Валентин Распутин - Сибирь, Сибирь...
Как в древности искал, так и сейчас человек продолжает искать чудеса, которые не совпадали бы с ученой упорядоченностью мира. Сибирь, надо полагать, одна из тех областей, где человеческий дух сомнения и противоречия испытал в свою пору немалое разочарование: и здесь, в сущности, то же, что и везде.
Покорителем Сибири стал, как известно, Ермак Тимофеевич. То, что и сам Ермак, и его дружина была из казаков, значило очень многое. Казак — татарское слово, оно переводится как удалец, смельчак, человек, порвавший со своим сословным кругом. Казачество зародилось на Руси вскоре после свержения татарского ига и сформировалось в течение XVI века с усилением феодальной и крепостнической зависимости русского народа. Люди, не желавшие выносить никакого, в том числе и отеческого ига, бежали от него в Дикое поле, в низовья Дона и Волги, основывали там свои поселения, избирали атаманов, принимали законы и начинали новую и вольную, никакому царству, никакому ханству не подчиненную жизнь. Позже русскому казачеству пришлось-таки идти под цареву руку, потому что иначе ему было и не выжить, но тогда, в XVI столетии, еще нет, тогда казаки сами себе были хозяева.
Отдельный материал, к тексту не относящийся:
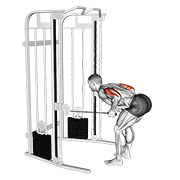 Cable Two Arm Tricep Kickback demonstration animation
Царские власти, играя на патриотических чувствах, могли использовать их против своих неспокойных южных соседей, против Турции, крымских и ногайских татар, но могли за самовольство или в результате дипломатических маневров с теми же соседями наслать на них карательные экспедиции — отношения между Москвой и вольным казачеством всегда были сложными, а в первое время в особенности. Одно хорошо: если России угрожала серьезная опасность, казаки считали своим долгом выступить на ее защиту, откуда бы эта опасность ни исходила, — или от ближней Турции, или от дальней Литвы. В Ливонской войне, как доказывают в последнее время историки, принимал участие накануне своего сибирского похода и Ермак Тимофеевич.
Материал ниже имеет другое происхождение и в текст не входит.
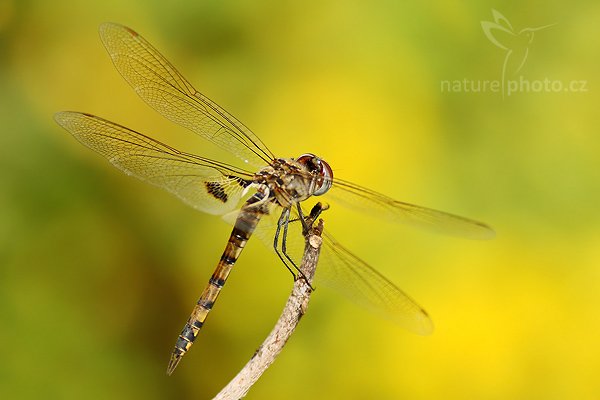 zatím neurčeno, zatím neurčeno, Autor: Ondřej Prosický | NaturePhoto.cz, Model: Canon EOS-1D Mark III, Objektiv: Canon EF 200mm f/2.8 L USM + TC Canon 2x, Ohnisková vzdálenost (EQ35mm): 520 mm, fotografováno z ruky, Clona: 7.1, Doba expozice: 1/1250 s, ISO: 400, Kompenzace expozice: 0, Blesk: Ne, Vytvořeno: 10. prosince 2007 10:44:19, Kirinda, Ruhuna (Sri Lanka)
В покорении и освоении Сибири казаки сыграли роль исключительную, почти сверхъестественную. Только особое сословие людей дерзких и отчаянных, не сломленных тяжелой русской государственностью, чудесным образом смогло сделать то, что удалось им.
Говоря о фигуре Ермака, трудно не приостановиться и не отдать дань нашей российской слабопамятливости и небрежению… После свержения татарского ига и до Петра Великого не было в судьбе России ничего более огромного и важного, более счастливого и исторического, чем присоединение Сибири, на просторы которой старую Русь можно было уложить несколько раз. Только перед этим одним фактом наше воображение в растерянности замирает — словно бы застревает сразу за Уралом в глубоких сибирских снегах. Однако о Колумбе, открывшем Америку, нам известно все: и откуда он был родом, чем занимался до своего «звездного» часа; известно, когда, какого числа и месяца вышел в первое свое плавание, и во второе, и в третье, и в четвертое, когда достиг американского берега, когда флагманская «Санта-Мария» села на рифы и что было потом… Что Колумб! — о древнеримских императорах и патрициях мы помним больше, чем о Ермаке. Ну ладно, не мог он вести, как Колумб, судовой журнал, не было возле него, как возле Нерона, замышлявшего убийства, расторопного историка, но ведь не оказалось и совсем никого, кто бы понимал значение его фигуры и величие его похода. Это уж после спохватились, когда выяснилось, что не знаем ни имени Ермака, ни рода, не запомнили и не записали, в каком году выступил он против Кучума, сколько его отряд насчитывал казаков и чем помогли Строгановы, за один ли переход, как считает известный историк Р. Г. Скрынников, он добрался до столицы сибирского ханства Искера или ему потребовалось возвращаться после зимовки обратно, а затем снаряжаться вновь. Строгановские летописи мы вынуждены подозревать в неточности именно потому, что они строгановские и могли преувеличивать роль этой фамилии в деле присоединения Сибири; на другой документ, на Синодик тобольского архиепископа Киприана, составленный спустя сорок лет после Ермака по рассказам оставшихся в живых участников похода, мы также смотрим с недоверием: уж очень хотелось преосвященному в интересах местной Церкви сделать из Ермака святого и потому не подходящие для канонизации факты из его жизни он не задумался бы приукрасить или опустить. Не зря говорят: кто владеет настоящим, тот владеет и прошлым.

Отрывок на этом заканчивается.